Con una lettera pastorale intitolata “Il fine non giustifica i mezzi”, i vescovi dello Zimbabwe esprimono profonda preoccupazione “per le notizie di incursioni notturne di sconosciuti uomini mascherati che molestano, percuotono, rapiscono, torturano e commettono aggressioni sessuali su persone che sono considerate voci dissenzienti, e per la repressione violenta delle manifestazioni da parte della polizia”.

Nel denunciare le violenze commesse dagli organi di polizia del nuovo governo, i vescovi sottolineano che “tali atti che contraddicono la narrativa positiva della Seconda Repubblica dello Zimbabwe, non hanno posto in una società democratica e non dovrebbe esserci impunità per coloro che commettono questi crimini” che non possono essere giustificati in nome di una presunta pace sociale.

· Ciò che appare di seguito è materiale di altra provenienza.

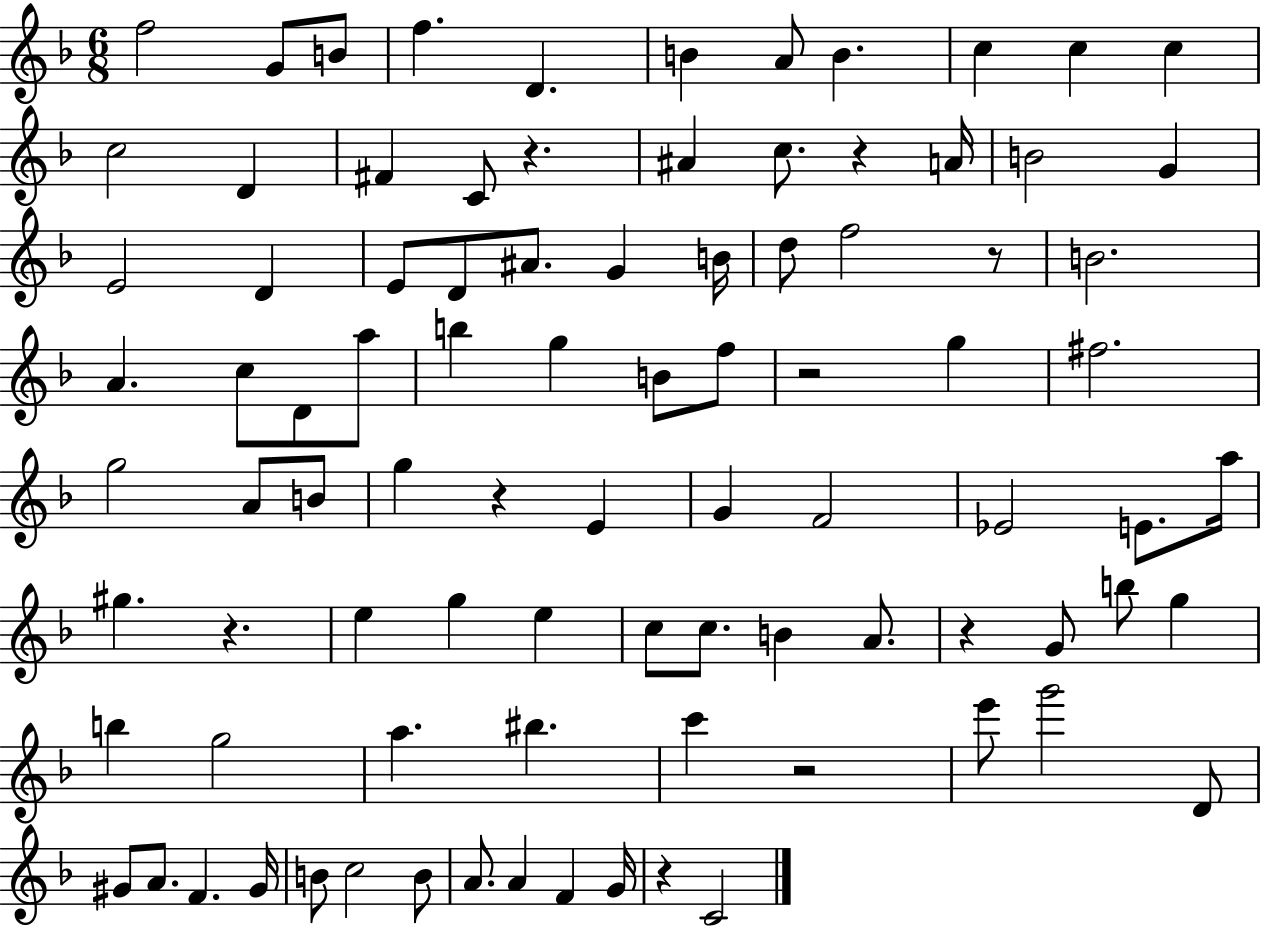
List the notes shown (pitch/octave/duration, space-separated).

F5/h G4/e B4/e F5/q. D4/q. B4/q A4/e B4/q. C5/q C5/q C5/q C5/h D4/q F#4/q C4/e R/q. A#4/q C5/e. R/q A4/s B4/h G4/q E4/h D4/q E4/e D4/e A#4/e. G4/q B4/s D5/e F5/h R/e B4/h. A4/q. C5/e D4/e A5/e B5/q G5/q B4/e F5/e R/h G5/q F#5/h. G5/h A4/e B4/e G5/q R/q E4/q G4/q F4/h Eb4/h E4/e. A5/s G#5/q. R/q. E5/q G5/q E5/q C5/e C5/e. B4/q A4/e. R/q G4/e B5/e G5/q B5/q G5/h A5/q. BIS5/q. C6/q R/h E6/e G6/h D4/e G#4/e A4/e. F4/q. G#4/s B4/e C5/h B4/e A4/e. A4/q F4/q G4/s R/q C4/h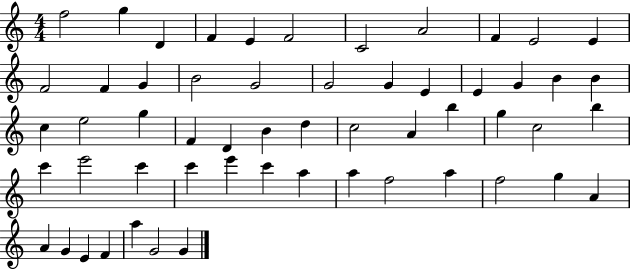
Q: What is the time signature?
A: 4/4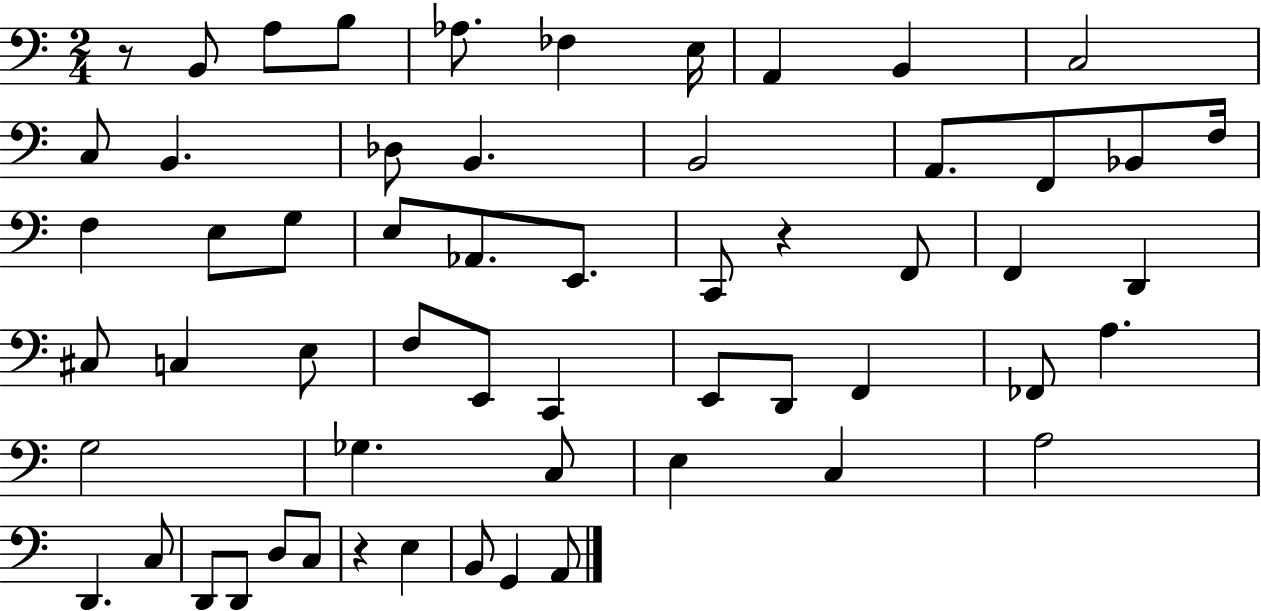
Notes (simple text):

R/e B2/e A3/e B3/e Ab3/e. FES3/q E3/s A2/q B2/q C3/h C3/e B2/q. Db3/e B2/q. B2/h A2/e. F2/e Bb2/e F3/s F3/q E3/e G3/e E3/e Ab2/e. E2/e. C2/e R/q F2/e F2/q D2/q C#3/e C3/q E3/e F3/e E2/e C2/q E2/e D2/e F2/q FES2/e A3/q. G3/h Gb3/q. C3/e E3/q C3/q A3/h D2/q. C3/e D2/e D2/e D3/e C3/e R/q E3/q B2/e G2/q A2/e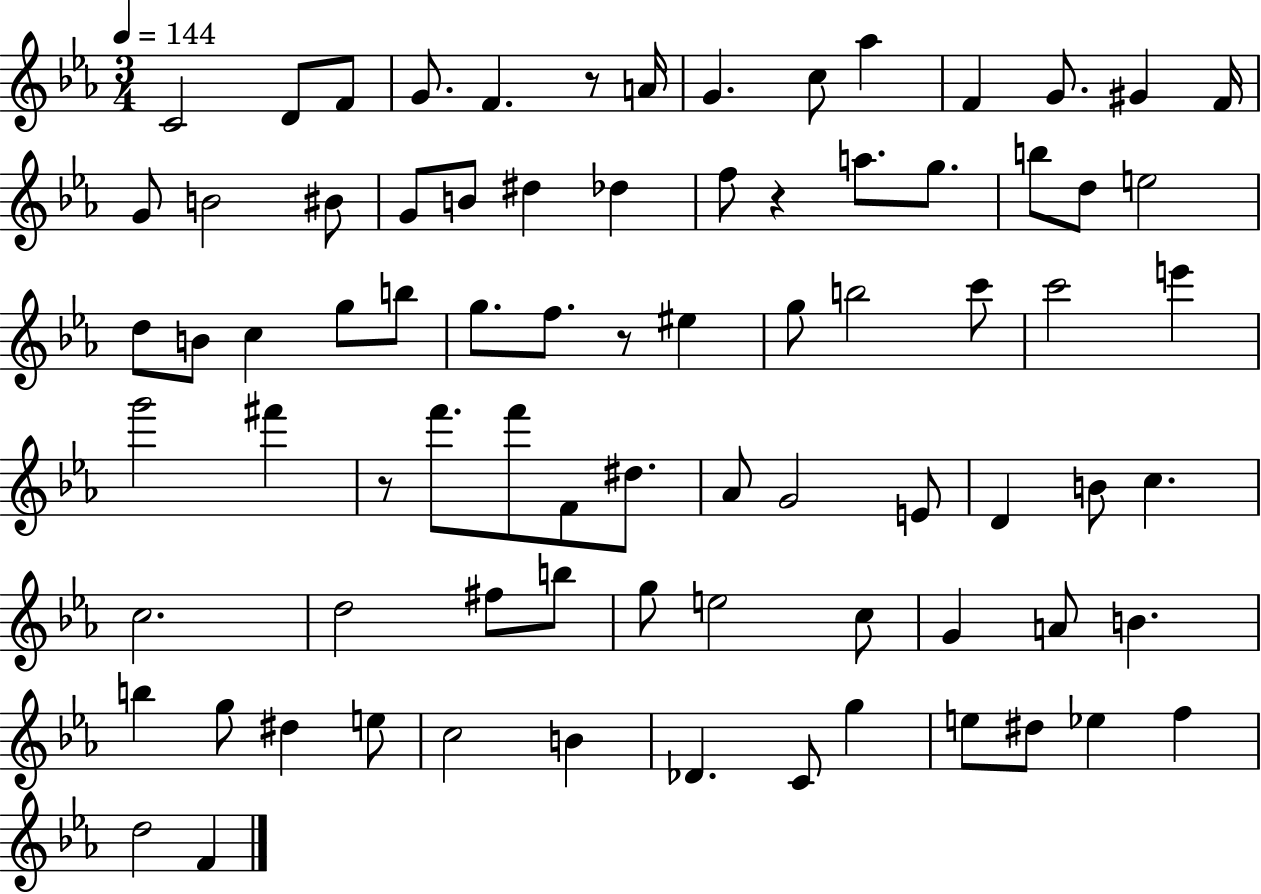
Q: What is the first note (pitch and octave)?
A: C4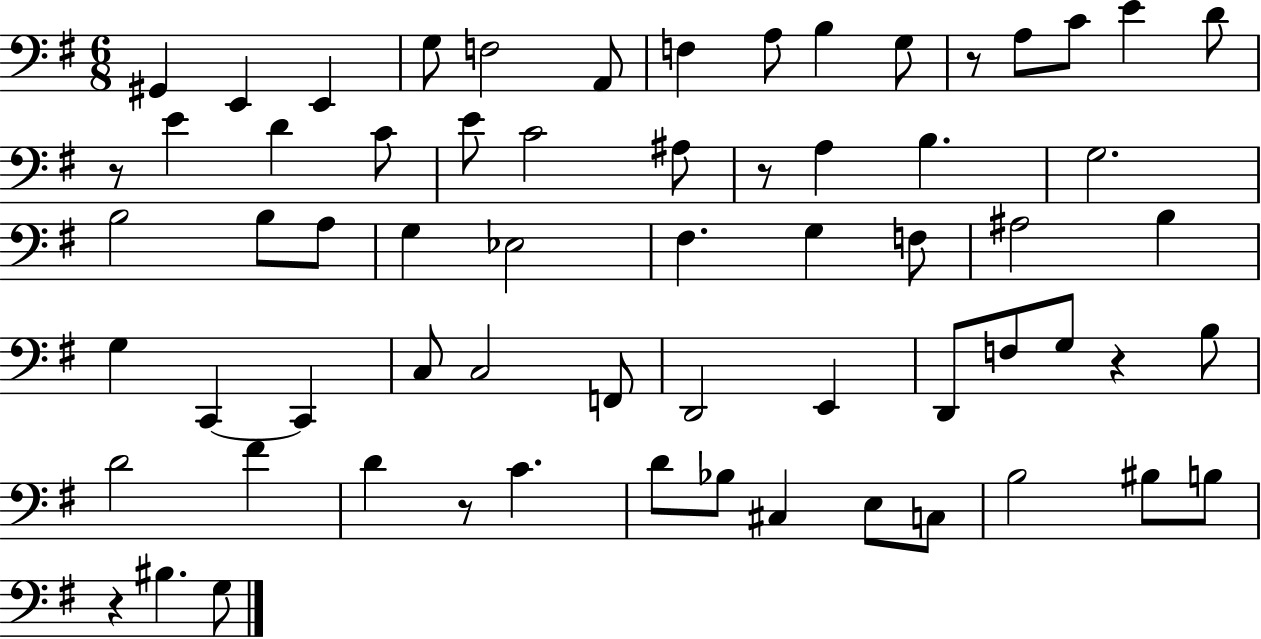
{
  \clef bass
  \numericTimeSignature
  \time 6/8
  \key g \major
  gis,4 e,4 e,4 | g8 f2 a,8 | f4 a8 b4 g8 | r8 a8 c'8 e'4 d'8 | \break r8 e'4 d'4 c'8 | e'8 c'2 ais8 | r8 a4 b4. | g2. | \break b2 b8 a8 | g4 ees2 | fis4. g4 f8 | ais2 b4 | \break g4 c,4~~ c,4 | c8 c2 f,8 | d,2 e,4 | d,8 f8 g8 r4 b8 | \break d'2 fis'4 | d'4 r8 c'4. | d'8 bes8 cis4 e8 c8 | b2 bis8 b8 | \break r4 bis4. g8 | \bar "|."
}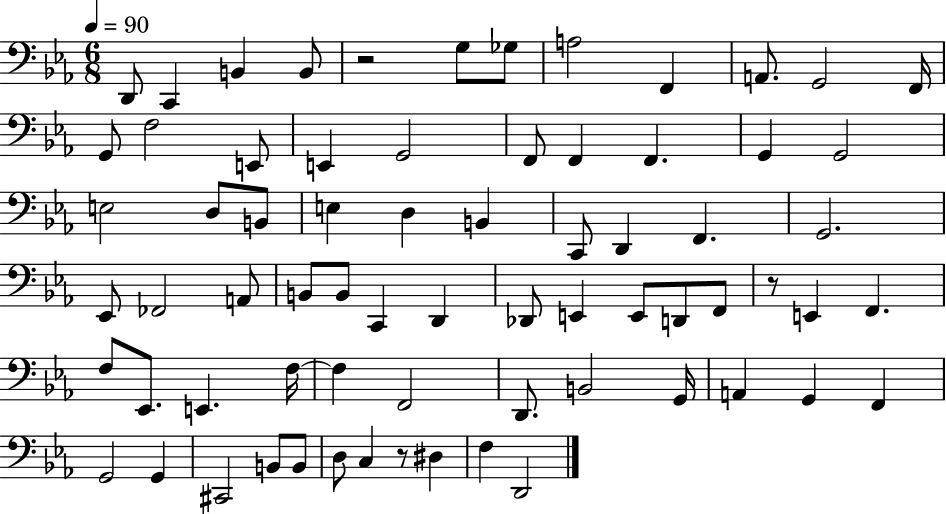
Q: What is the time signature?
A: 6/8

Lunedì centinaia di medici sono scesi in piazza denunciando la scomparsa di un loro collega sindacalista che sostengono sia stato rapito dagli apparati di sicurezza. Dall’anno scorso decine di attivisti politici e sindacalisti sono stati sequestrati da sospetti membri delle forze di sicurezza. La maggior parte sono stati rilasciati dopo aver subito maltrattamenti. (Fides)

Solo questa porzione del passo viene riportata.